Emotions, including fear, are a fundamental part of human reasoning. Losing one or all of them cripples human reason like chopping off limbs cripples the body.

When I’m faced with a moral choice and I think about doing something wrong, I feel guilty immediately. I don’t get scared that I will feel guilty in the future. That just never happens to me.

A couple of thoughts on Fear:

When the horrible 9/11 trajedy happened, I wasn’t whupped up into a reaction of fear. It was an awful , horrid event, and I sympathized and agonized over the death and destruction, but it did not put me into a state of fear. And, perhaps that would be different if I lived in NYC, and had direct experience of the event. I wasn’t numb to it at all, though, and tried to understand it better through other people’s experiences.

But, it never made me fearful enough to go with the program that followed: ie; War on Iraq. I was amazed to see that whole scenario unfold, and thought it was playing on fear, unfounded. It really seemed so absurd. Now, the playing on Fear is more understood.

Shifting to another Fear mode, Death: Today, in talking to coworkers about burial, we discussed ground burying vs cremation, vs, whatever alternative. I thought thatSky Burial was most appealing to me, particularly because I admire vultures, and would be glad to see my remains fuel one last beautiful flight. Young 20’s coworker was aghast, not in a Christian burial sense, but in an Oogy sense.

And, I explained it in a sense of No Fear after the body goes, that my body is just meat, and I’d rather have it go to some good at the end, whether by vulture, or, my other choice, giving it up to a medical school or science to dissect for good benefit. No fear there. Yet, at work, everyone thought that was odd. Seems like that might be an ultimate fear. Whatever, when I’m gone, this hunka swell vehicle might as well be of some use in it’s afterstate.

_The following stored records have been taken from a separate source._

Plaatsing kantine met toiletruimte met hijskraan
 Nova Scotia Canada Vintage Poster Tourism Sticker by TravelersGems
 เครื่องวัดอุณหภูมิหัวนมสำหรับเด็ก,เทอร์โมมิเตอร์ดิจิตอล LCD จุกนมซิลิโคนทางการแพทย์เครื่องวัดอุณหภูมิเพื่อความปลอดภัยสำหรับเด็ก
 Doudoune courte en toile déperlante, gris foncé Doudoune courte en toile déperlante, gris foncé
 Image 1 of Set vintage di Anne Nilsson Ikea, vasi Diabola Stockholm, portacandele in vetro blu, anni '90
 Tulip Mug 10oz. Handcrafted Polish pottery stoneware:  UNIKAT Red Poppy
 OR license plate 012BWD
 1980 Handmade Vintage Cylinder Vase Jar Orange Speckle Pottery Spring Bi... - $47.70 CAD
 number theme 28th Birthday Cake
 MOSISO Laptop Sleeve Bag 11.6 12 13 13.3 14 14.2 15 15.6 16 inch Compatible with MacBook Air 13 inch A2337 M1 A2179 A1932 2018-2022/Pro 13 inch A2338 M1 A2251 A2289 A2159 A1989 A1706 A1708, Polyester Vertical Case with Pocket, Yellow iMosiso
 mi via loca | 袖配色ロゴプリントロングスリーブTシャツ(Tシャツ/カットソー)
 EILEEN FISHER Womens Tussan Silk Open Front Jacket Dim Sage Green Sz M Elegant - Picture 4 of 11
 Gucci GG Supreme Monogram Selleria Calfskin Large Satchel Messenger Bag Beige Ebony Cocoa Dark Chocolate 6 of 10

Fear of Aging: Relates to the above. Yep, whatever; I’m female, 47. I’m seeing some wrinkles and sag, but am not abjectly fearful and horrified about what other people think about that. That’s another Fear Drag that fuels a lot of Crap and insecurity, especially with women, to shell out the $$$. I’d rather spend the money to travel, learn, and take what I hope will be a great Badlands face as far as I can to learn.

Dick Cheney, on the other hand, is one of the few people that makes me cringe in Fear, because what he’s done has passed as acceptable

Senior citizen here. There is some truth to the notion that it is good for you sometimes to “feel the fear and do it anyway.” I’m not talking about foolishness such as driving 120 on the interstate. But taking reasonable risks with things that you are a little afraid of doing. There is sort of a natural high that comes with facing some of these fears.